From left to right: Noel Neill, Kathy Paynter and Kirk Alyn.
The call came for my big scene in the film. That morning, along with all the "dress extras"footballers, cheerleaders, spectators, motorists.I picked up my costume at the El Rancho Motel and then departed for the gymnasium of the little red sehoolhouse, where we were to change and get into make-up.
As an assistant football coach at Smallville High, circa 1950, I had to submit, in addition to the earlier mustache shave, to having my hair cut and Brylcreemed down. I improvised a bit, tucking a Fonz-esque cigarette behind my ear beneath my baseball cap.
While I was still in make-up and an a.d. came running in, saying that someone had mentioned that American football players applied blacking under their eyes so that the sun wouldn't reflect in them. I confirmed this the British and the Canadians seemed unaware of the practice and Stu Freeborn's assistant hurriedly applied heavy black make-up to the whole football team.
The first application looked like Indian war paint, so I quickly explained that it should be more like a fingermark.

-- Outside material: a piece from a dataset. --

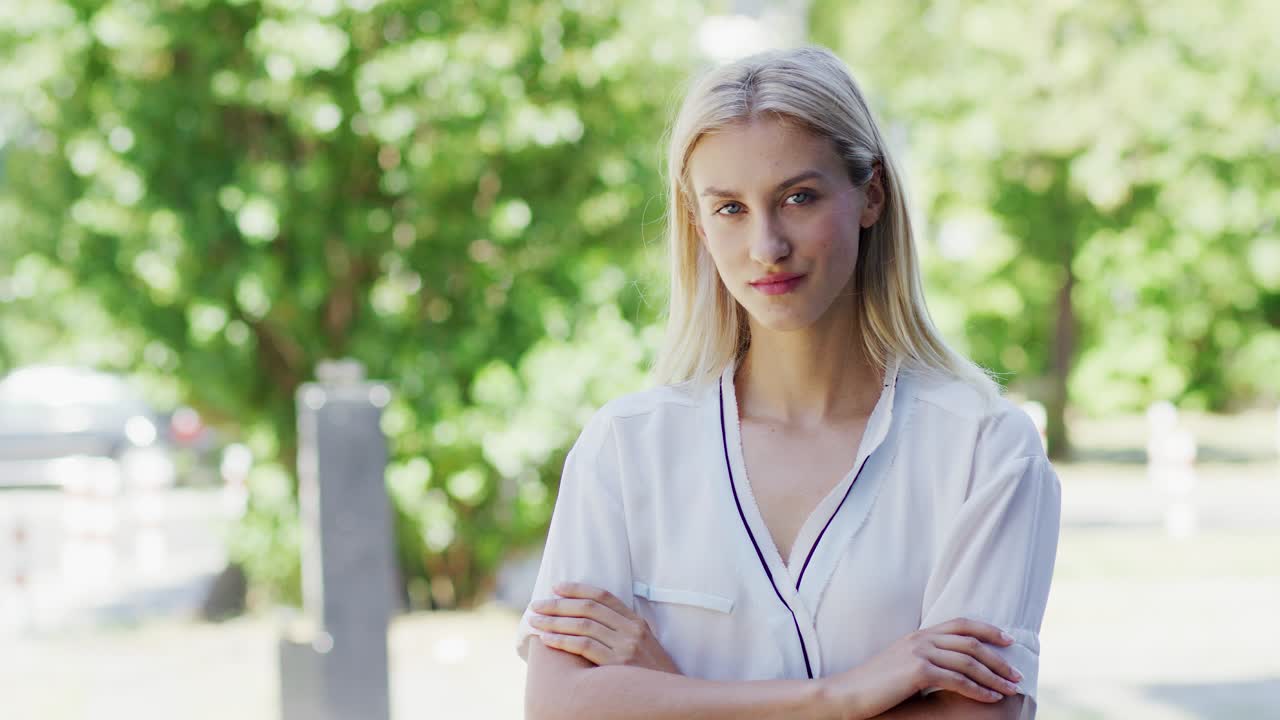 mujer segura de pie en la calle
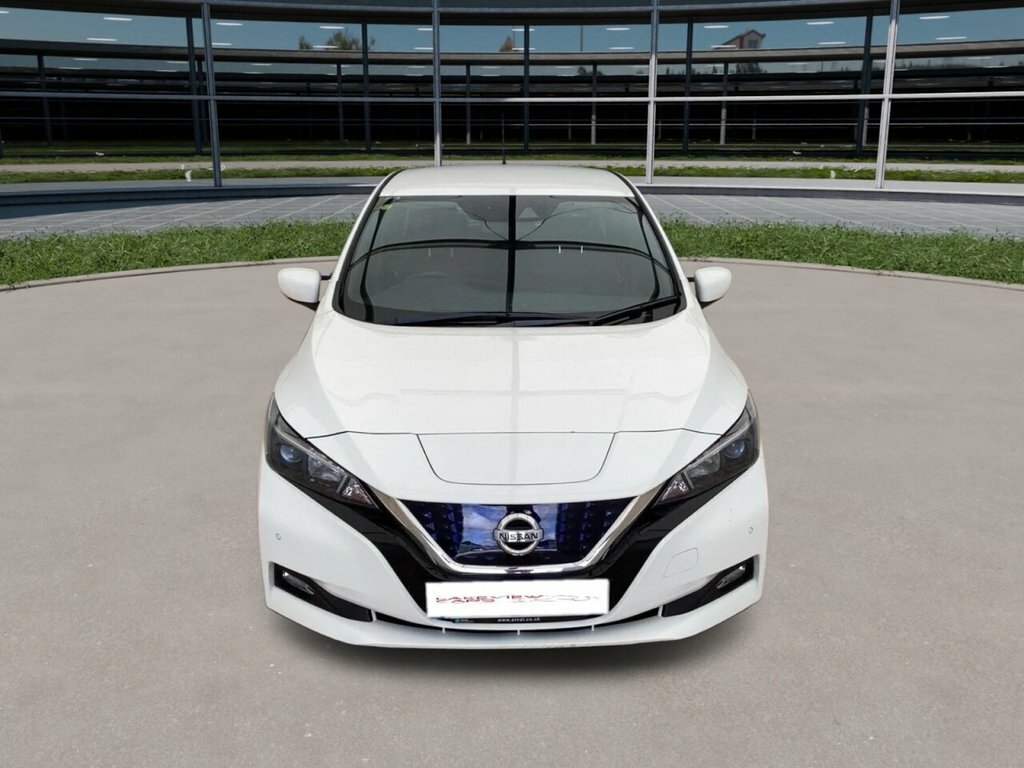 Nissan Leaf Hatchback White #4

Not that I'm any expert on American football. Since the scene at the school was to open with warm-ups and other activity on the field (which had to be "cut" from part of the adjoining wheat fields and sown with grass seed especially for the film), Dick had me tossing the pigskin to three of the players. Now I know what Charlie Brown feels like. Tennis I play; football I don't nor have I ever. After Donner had watched a few of my feeble tosses, I was relegated to working out with Jeff Atcheson, an accomplished athlete, who was playing the coach.
Donner bore me no malice, however, even going so far as to give me a line to say to Clark Kent, the team's water boy, as we left the field: "Hey, Clark, let's have all this leather washed and waxed for Saturday's game, O.K.?" And to the coach: "G'night, Jeff." Plus a slap on the back and a leap over the bench maybe.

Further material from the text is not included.